After a year’s “sabbatical”, the winter dance showcase is back this January 28th and 29th. The program will consist of seventeen pieces, most of which have been choreographed entirely by students.
“I think what is most remarkable about the winter showcase is the fact that a bunch of high school students can generate, produce, and direct their own show; that type of thing does not usually happen until college,” the Director of Dance Department Jennifer Whitcomb praised.
It definitely is remarkable, and it involves a lot of hard work from several different people. Creating a great show in a limited amount of time requires not only dancers but also choreographers, costume designers, and techies.
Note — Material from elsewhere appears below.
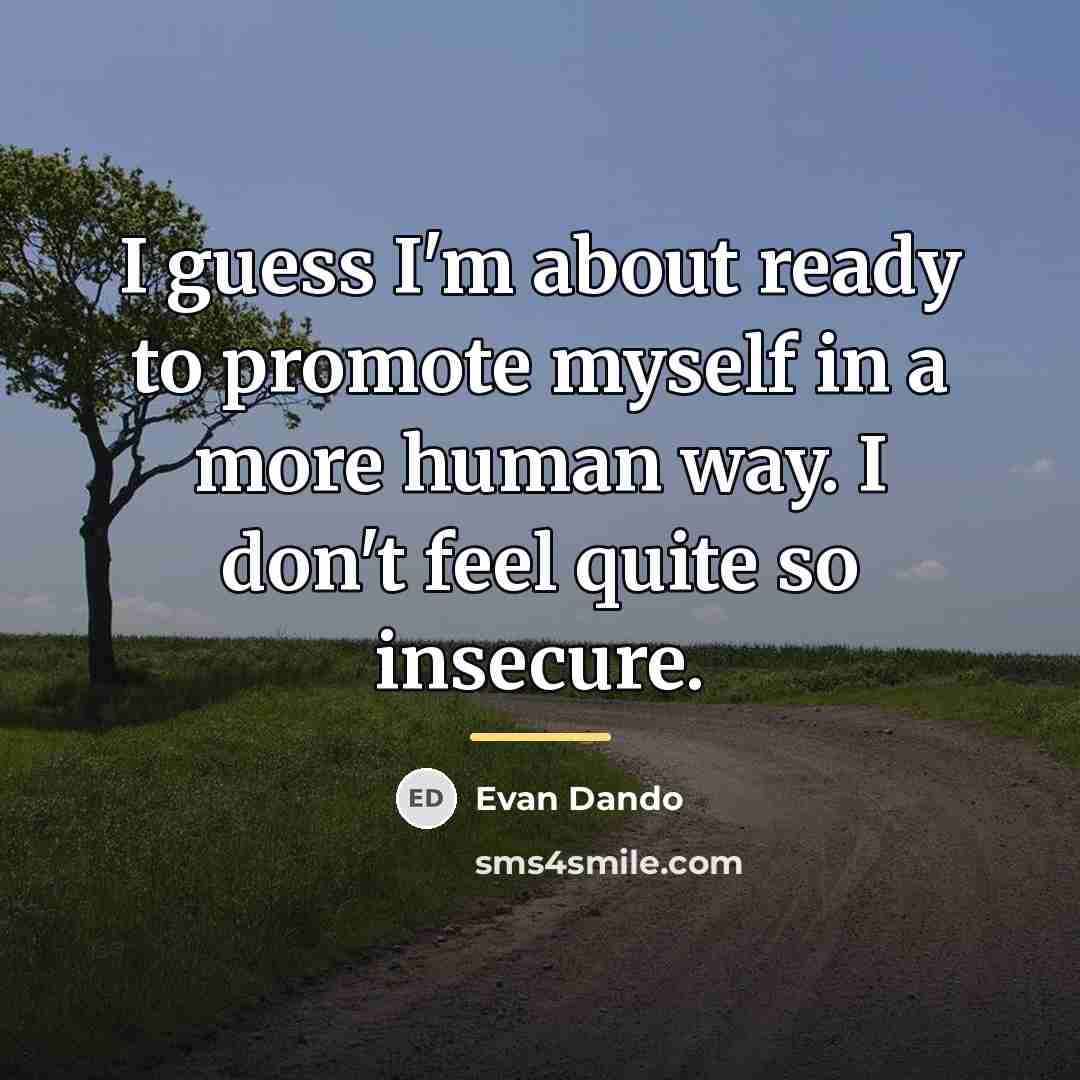 “I guess I'm about ready to promote myself in a…” quote by Evan Dando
The unusual thing about the production of the winter showcase is that students fill all of these positions.
To better understand how the show comes to life, choreographer Daryl Cooley ’10 broke the process down into seven steps:
- “First, you need to decide the type of dance you want to create,” Cooley explained. “Once you have that figured out, you can start looking for the perfect music.” The next part is a tedious one. “Then you have to listen to the music about a hundred times and see what images come to mind.”
- Now it’s time to start making the “official” decisions for the piece. “After you’ve listened to the music, take those images and try to turn them into formations, so you can see how many dancers you want to include. Also, it’s good to start thinking about the actual steps and combinations for the piece,” Cooley continued.
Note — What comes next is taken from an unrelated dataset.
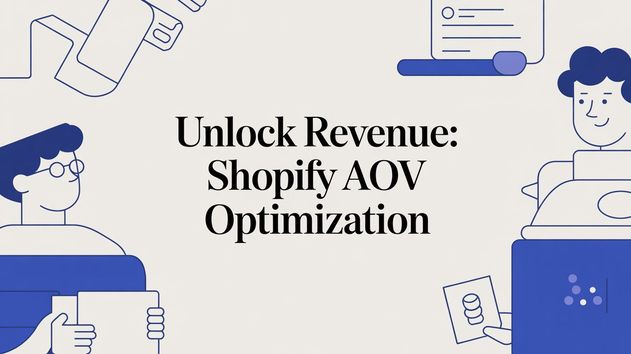 Unlock Revenue: Shopify AOV Optimization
- Then you have to cast dancers to be in your piece, or you can hold auditions. “This is a difficult choice because there are pluses and minuses to both options. If you ask the dancers directly, you know exactly who you are working with, and you can choreograph the piece around their abilities and talents. However, if you hold auditions, the dancers you want may not show up. Nevertheless, you know that those dancers who showed up are committed to your piece.”
- The next step is to choreograph the piece. “If I have a lot of dancers in the piece, I often use small objects, like pennies, to see how different formations would work with the music and the movement,” Cooley said.
- After choreographing some of the piece, you have to hold rehearsals and teach the steps to the dancers. Once the dancers know the choreography, you should run through the dance with the dancers, clean up the timing, and clarify the movement.
- This sixth step takes creativity, and a slight knowledge of lighting techniques. “Choosing the costumes and planning the lighting schemes are actually the hardest parts for me!” Cooley laughed.
- The last step falls to the responsibility of the audience. On Friday, Saturday, or on both days, sit back, relax, and enjoy the winter dance showcase!